Однако новые правители в точности повторяли тактику Меншикова в отношении возможных конкурентов. Попали в немилость и были удалены от двора камер-юнкер Алексей Татищев и родственник царя Александр Нарышкин. Были пресечены попытки выйти «в случай» представителей семьи Голицыных: двор покинули фельдмаршал М. М. Голицын, его зять граф Александр Бутурлин и молодой камергер Сергей Голицын. Подозрения вызывала и дочь Петра I Елизавета, шокировавшая московское общество «весьма необычным поведением». Она часто сопровождала племянника на охоту, и тот настолько сильно привязался к весёлой тётушке, что это стало беспокоить двор и дипломатический корпус. «Остерман заметил, что большой риск оставлять его одного с принцессой Елизаветой, и в этом отношении, безусловно, необходимо иметь постоянный надзор за ними», — докладывал обстановку при русском дворе французский резидент Маньян. Опасения членов Верховного тайного совета усилились, когда после смерти сестры императора Натальи Елизавета имела все шансы стать основной претенденткой на трон. Но её любовные похождения в конце концов позволили Долгоруковым дискредитировать цесаревну.

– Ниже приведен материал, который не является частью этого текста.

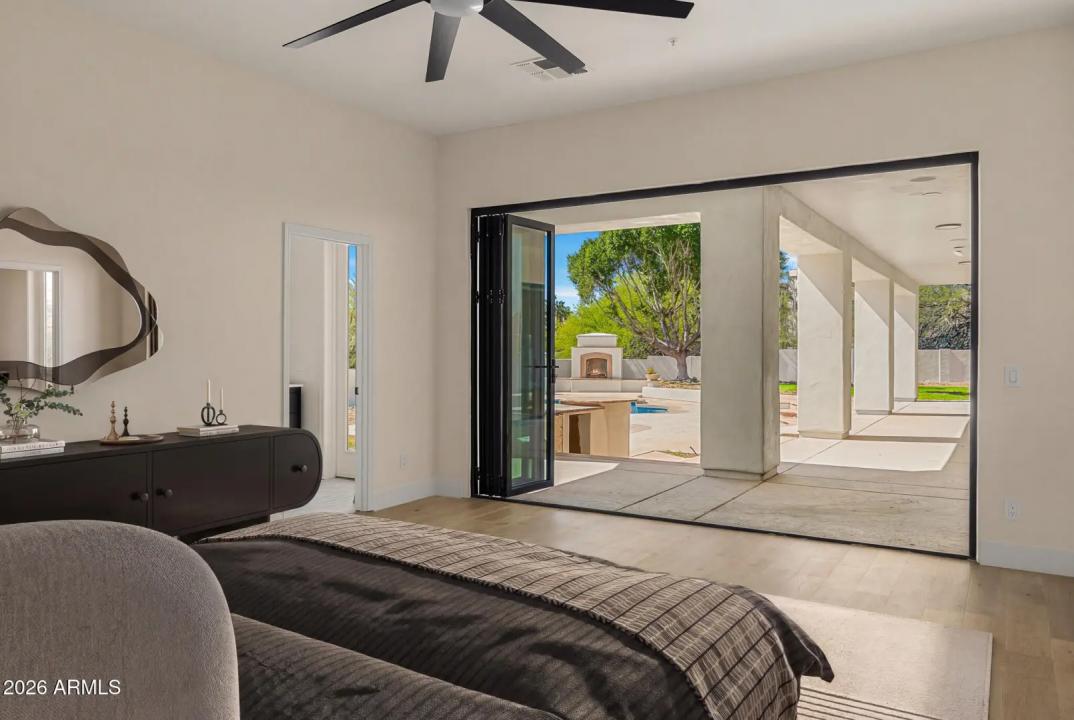 Real Estate Picture 13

Борьба против Меншикова на короткое время сплотила клан Долгоруковых. Как только светлейший князь перестал являться препятствием, мешавшим им закрепиться у трона, родственники стали оттирать друг друга. Посольские донесения 1728—1729 годов рисуют картину постоянных склок внутри «мишурного семейства», боровшегося за царские милости. Сначала князь Алексей поссорился с Остерманом — да так, что оба «поклялись погубить друг друга», затем он поругался с собственным сыном. В сентябре 1728 года Лефорт отмечал: «Семейство Долгоруковых состоит из трёх партий, противных друг другу; барон Остерман сумел приобрести себе доверие всех и даже служить им в роде оракула». С помощью фельдмаршала В. В. Долгорукова удалось достичь примирения Остер-мана и князя Ивана, но оно вызвало зависть отца. По сведениям испанского посланника, Алексей Долгоруков приложил все усилия к тому, чтобы поссорить Петра II с князем Иваном и «провести» в фавориты другого своего отпрыска, Николая. С помощью царицы-бабушки Евдокии Лопухиной интриган хотел удалить от Петра и самого Остермана, но столкнулся с достойным противником и вынужден был отступить.
Благодаря таким отношениям в своём окружении Пётр II получал уроки лицемерия, овладевал премудростью подлаживаться к соперничавшим сторонам. «Нельзя не удивляться умению государя скрывать свои мысли; его искусство притворяться замечательно. На прошлой неделе он два раза ужинал у Остермана, над которым он в то же время насмехался в компании Долгоруковых; перед Остерманом же он скрывал свои мысли: ему он говорил противоположное тому, в чём он уверял Долгоруковых», — удивлялся Лефорт зимой 1729 года. Это соперничество могло бы помочь молодому государю, при наличии желания и воли, постичь тонкости управления людьми и утвердить себя в качестве настоящего монарха — но этого желания он как раз и не проявлял.